AFTER four weeks, 14 days of sittings at a cost of tens of thousands of pounds, the public inquiry into Line One of Merseytram has now run its course.
It will reconvene for two days only next week to hear any outstanding objections (there are unlikely to be any) and a detailed summing-up from Merseytravel QC Charles George.
The passenger transport authority has employed three teams of lawyers and two QCs (David Manley the other) to help it steer a safe path through the potentially hazardous waters of the inquiry.
So did they manage it? The inquiry began with a total of 272 objectors to the 12-mile Line One, which runs from Kirkby to Liverpool and ends in two loops around the centre of Liverpool and the waterfront.
Perhaps the two most significant objectors who did appear were bus operator Glenvale and former John Moores University professor and transport expert Lewis Lesley.
Glenvale chief executive Dominic Brady, who employs more than 860 drivers and staff, warned inspector Chris Tipping a large number of bus drivers could lose their jobs if Merseytram goes ahead.
He would have to make a significant cut in his workforce if people switched from buses to trams.
Mr Lesley, who runs a company which aims to make sure public transport is improved, has been a longstanding supporter of light rail schemes but believes Merseytravel's proposals are flawed.
Unusually, it was Merseytravel chief executive Neil Scales himself, rather than his expert witnesses, who was the chief defender of the £230m Line One proposals against the objectors.
He faced cross examination a total of five times, including for a number of hours with Glenvale QC Jonathan Crystal.
The most significant action probably took place well away from the Foresight Centre hearings themselves.
In the background, Merseytravel was trying to reach a deal with Liverpool City Council, which remained potentially the most damaging objector to the trams.
The council was concerned the cost of Line One would rise and local authorities would be forced to meet the bill.
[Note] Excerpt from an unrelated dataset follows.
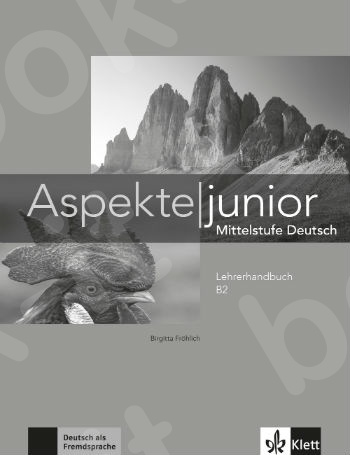 Aspekte junior B2, Lehrerhandbuch (Βιβλίο καθηγητή)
It also wanted to ensure the building and operation of the trams did not disrupt Liverpool's 800th birthday celebrations in 2007 and Capital of Culture year in 2008.
Talks had been ongoing for weeks but reached new levels of intensity during the first two weeks of the inquiry.
The council set a deadline of 5pm on Wednesday, May 5 or their objection would stand.
On April 30, lawyers from both sides talked until 6.30am at Liverpool's Marriott Hotel. Agreement was tantalisingly out of reach.
Deadline day of May 5 arrived with an agreement still not reached. Merseytravel was furious the council had tried to insert a late clause saying it would not be legally bound by any agreement.
Neither side seemed ready to blink.
Talks resumed at 10am at the city centre offices of lawyers DLA.
But Liverpool's chief executive, David Henshaw, and Mr Scales were speaking on the phone as early as 7.30am.
Mr Scales gave his instructions to his legal team: "Do a deal but not at any cost."
So who was holding the cards? The council knew that opposition from the Town Hall to the trams at the inquiry could be potentially very damaging to Merseytravel's case.
But equally Merseytravel knew that if Liverpool City Council was seen to block the project - and send £170m of government investment back to London - the people of Merseyside might not forgive them.
By 5.30pm, council sources indicated a deal would be done by 8pm but Merseytravel insisted nothing had been signed. By 10pm, both finally seemed in agreement.
The Daily Post on the morning of May 6 reported the crucial deal had been done. We were right, just.
The talks had been hard and at times bitter. Some antagonism remains but common sense finally prevailed.
Now it will be up to Inspector Chris Tipping to decide whether Merseytravel has successfully made the case for Merseytram to go ahead. He will report to the Government, probably around mid-August, with Whitehall making the final decision before Christmas.